O rótulo “socialista de iPhone”, popular entre grupos de direita para acusar suposta contradição de progressistas que utilizam produtos da Apple, ignora o papel decisivo do Estado no desenvolvimento das tecnologias que compõem o aparelho e diversos outros ícones do mercado. A conclusão é apresentada pelo pesquisador David Nemer, da Universidade da Virgínia, em artigo publicado em 6 de dezembro de 2025.
Inovação financiada pelo poder público
De acordo com Nemer, a economista Mariana Mazzucato demonstra que o iPhone só se tornou possível após décadas de aportes governamentais norte-americanos em pesquisa de alto risco.

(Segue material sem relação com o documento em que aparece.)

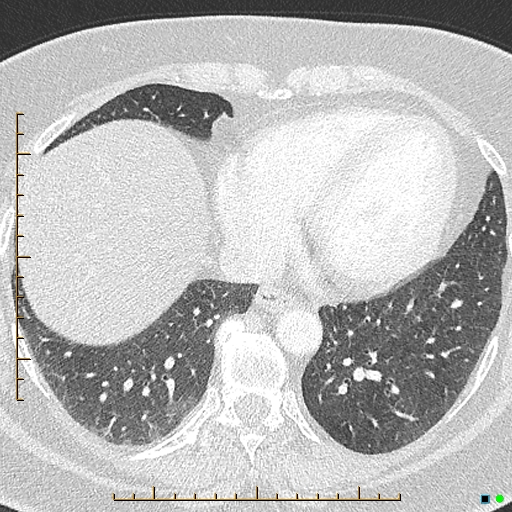 File:Bronchial diverticula (Radiopaedia 79512-92676 Axial lung window 152).jpg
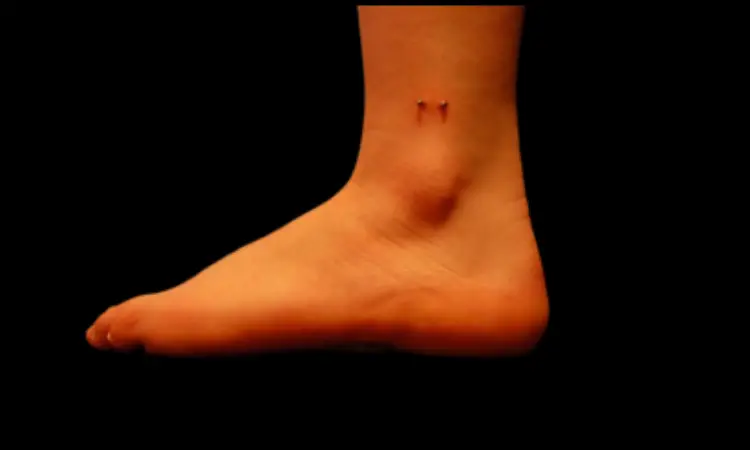 Ankle Piercing Pictures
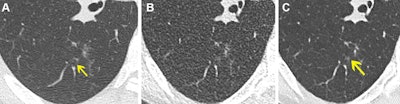 Axial noncontrast chest CT lung window images in a 61-year-old female participant. (A) Normal-dose CT, (B) ultralow-dose CT (ULDCT), and (C) denoised ULDCT show focal ground-glass opacity (yellow arrow). Ground-glass opacity was correctly identified with both normal-dose CT and denoised ULDCT, but it was missed by both readers at ULDCT due to decreased signal-to-noise ratio. Images and caption courtesy of the RSNA.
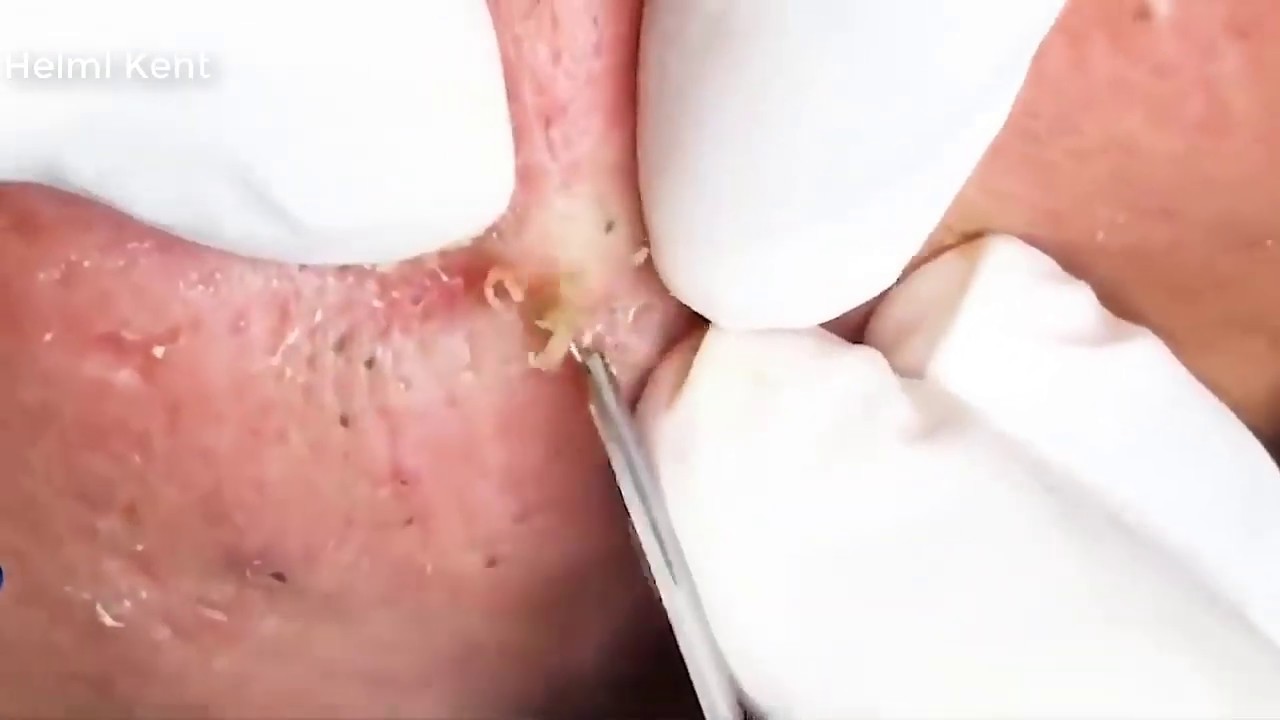 Blackhead Popping Video 2019 #2 | DrKent – Removal Pimple Popping Hd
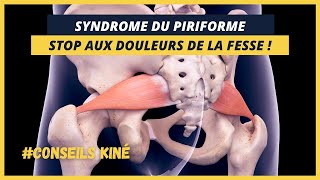 COMMENT SOIGNER SON SYNDROME DU PIRIFORME ? CONSEILS KINÉ !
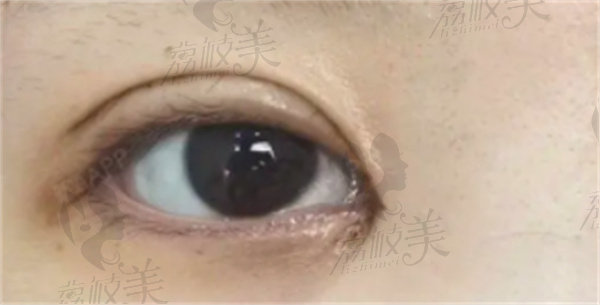 肿胀逐渐消退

A Apple, afirma, apenas integrou componentes já maduros graças a políticas públicas.
Tecnologias custeadas com recursos estatais presentes no iPhone:
- Internet e protocolo TCP/IP – desenvolvidos por Darpa e NSF;
- GPS – criado pelo Departamento de Defesa dos EUA nos anos 1970;
- Siri – derivada de projeto de inteligência artificial financiado pela Darpa, com 20 universidades envolvidas;
- Tela multitouch – resultado de pesquisas bancadas por NSF e CIA/DCI;
- Microprocessadores – impulsionados por compras militares em programas como Minuteman 2 e Apollo;
- LCD – desenvolvido com verba do Exército e, depois, da Darpa;
- Bateria de íon-lítio – estudada com recursos do Departamento de Energia e da NSF.

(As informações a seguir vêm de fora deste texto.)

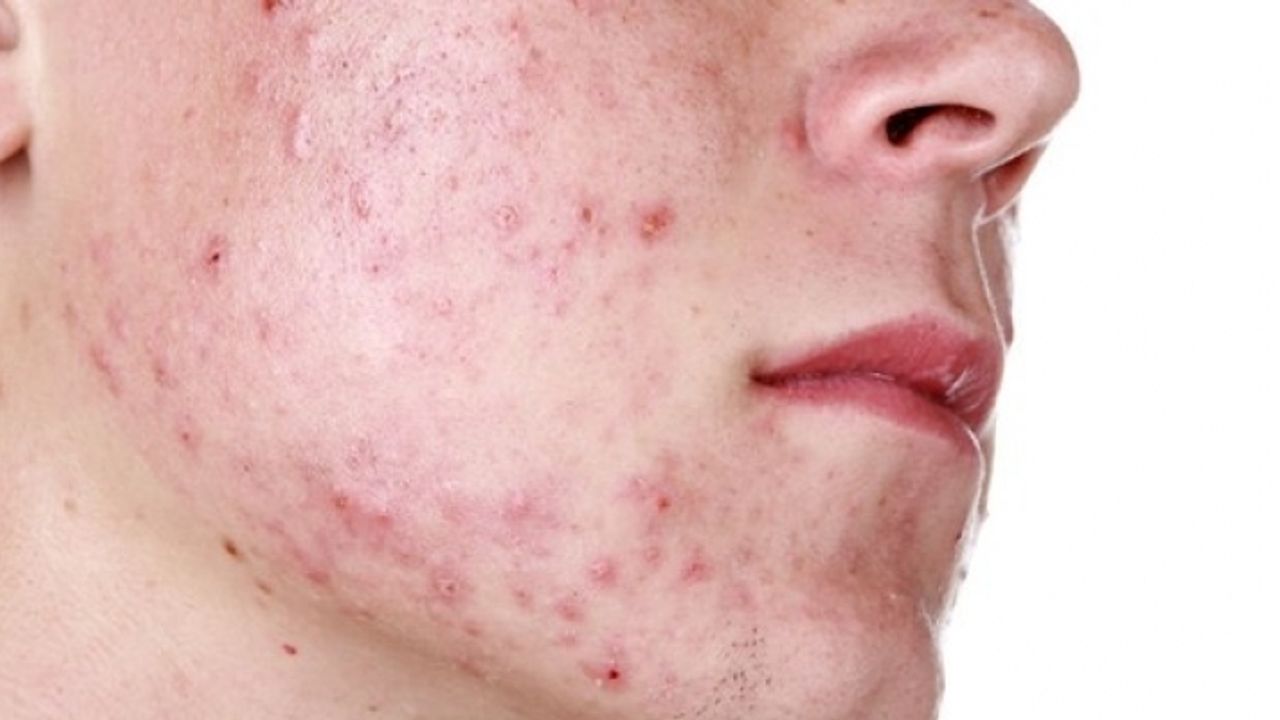 Sivilce ve aknenin sebebi yanlış beslenme mi?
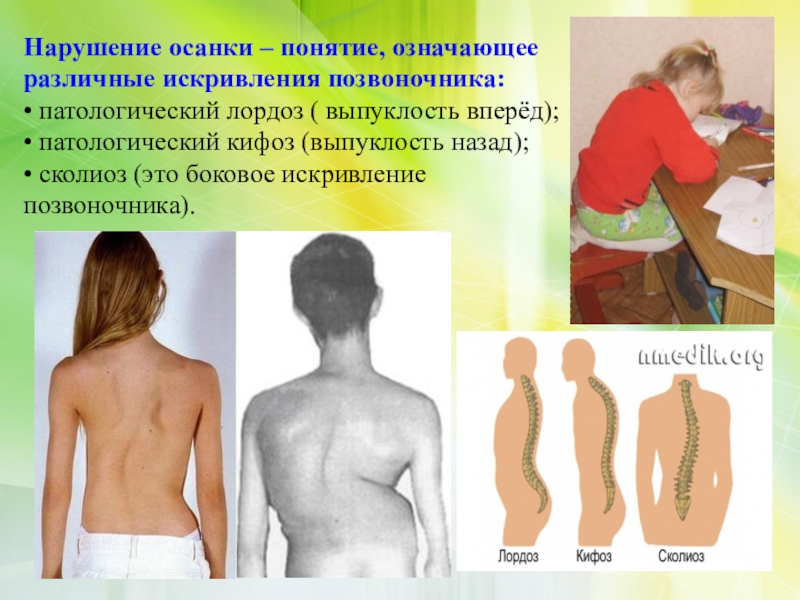 Нервно мышечный сколиоз клинические рекомендации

A Apple também recebeu US$ 500 mil do programa SBIC, da Small Business Administration, e contou com aquisições do sistema público de educação dos EUA nos anos 1990, período em que buscava estabilidade.
Exemplos além da Apple
O modelo de risco público e lucro privado se repete em outros setores. Nos 30 anos anteriores à pandemia de covid-19, o governo dos Estados Unidos investiu US$ 31,9 bilhões em pesquisas que permitiram chegar às vacinas de mRNA, sendo US$ 337 milhões antes da crise sanitária.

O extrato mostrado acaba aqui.